▶ [WHAT TO WORK ON]
Of the records that follow, copy only the lines from the line containing "Floral embroidery detail" to the line containing "Slide: The Image", both included, exactly as written.

Entries taken from a collection:

'''

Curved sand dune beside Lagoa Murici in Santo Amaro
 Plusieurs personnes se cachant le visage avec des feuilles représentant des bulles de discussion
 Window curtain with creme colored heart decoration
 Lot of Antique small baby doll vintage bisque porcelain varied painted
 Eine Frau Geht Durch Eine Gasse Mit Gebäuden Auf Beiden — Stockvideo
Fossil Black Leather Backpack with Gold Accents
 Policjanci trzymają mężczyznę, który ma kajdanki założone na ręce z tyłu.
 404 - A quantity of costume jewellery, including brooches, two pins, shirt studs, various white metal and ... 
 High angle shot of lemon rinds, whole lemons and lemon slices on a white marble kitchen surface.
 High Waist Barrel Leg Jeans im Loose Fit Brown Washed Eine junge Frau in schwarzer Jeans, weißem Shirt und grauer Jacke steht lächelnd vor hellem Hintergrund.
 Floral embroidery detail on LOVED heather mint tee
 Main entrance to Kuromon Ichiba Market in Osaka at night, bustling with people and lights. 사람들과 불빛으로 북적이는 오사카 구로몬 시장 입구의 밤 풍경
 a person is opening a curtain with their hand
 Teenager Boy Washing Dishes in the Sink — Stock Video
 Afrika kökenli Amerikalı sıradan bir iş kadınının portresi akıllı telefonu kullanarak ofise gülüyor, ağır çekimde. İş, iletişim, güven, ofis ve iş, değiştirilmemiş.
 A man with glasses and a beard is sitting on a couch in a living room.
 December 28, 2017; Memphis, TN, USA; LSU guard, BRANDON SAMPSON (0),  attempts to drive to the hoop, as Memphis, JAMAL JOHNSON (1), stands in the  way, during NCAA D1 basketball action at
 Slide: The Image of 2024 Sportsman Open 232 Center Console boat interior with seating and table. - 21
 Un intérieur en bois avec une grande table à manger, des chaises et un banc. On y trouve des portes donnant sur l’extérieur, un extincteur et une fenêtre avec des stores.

'''

▶ [SOLUTION FOR THIS TASK]
 Floral embroidery detail on LOVED heather mint tee
 Main entrance to Kuromon Ichiba Market in Osaka at night, bustling with people and lights. 사람들과 불빛으로 북적이는 오사카 구로몬 시장 입구의 밤 풍경
 a person is opening a curtain with their hand
 Teenager Boy Washing Dishes in the Sink — Stock Video
 Afrika kökenli Amerikalı sıradan bir iş kadınının portresi akıllı telefonu kullanarak ofise gülüyor, ağır çekimde. İş, iletişim, güven, ofis ve iş, değiştirilmemiş.
 A man with glasses and a beard is sitting on a couch in a living room.
 December 28, 2017; Memphis, TN, USA; LSU guard, BRANDON SAMPSON (0),  attempts to drive to the hoop, as Memphis, JAMAL JOHNSON (1), stands in the  way, during NCAA D1 basketball action at
 Slide: The Image of 2024 Sportsman Open 232 Center Console boat interior with seating and table. - 21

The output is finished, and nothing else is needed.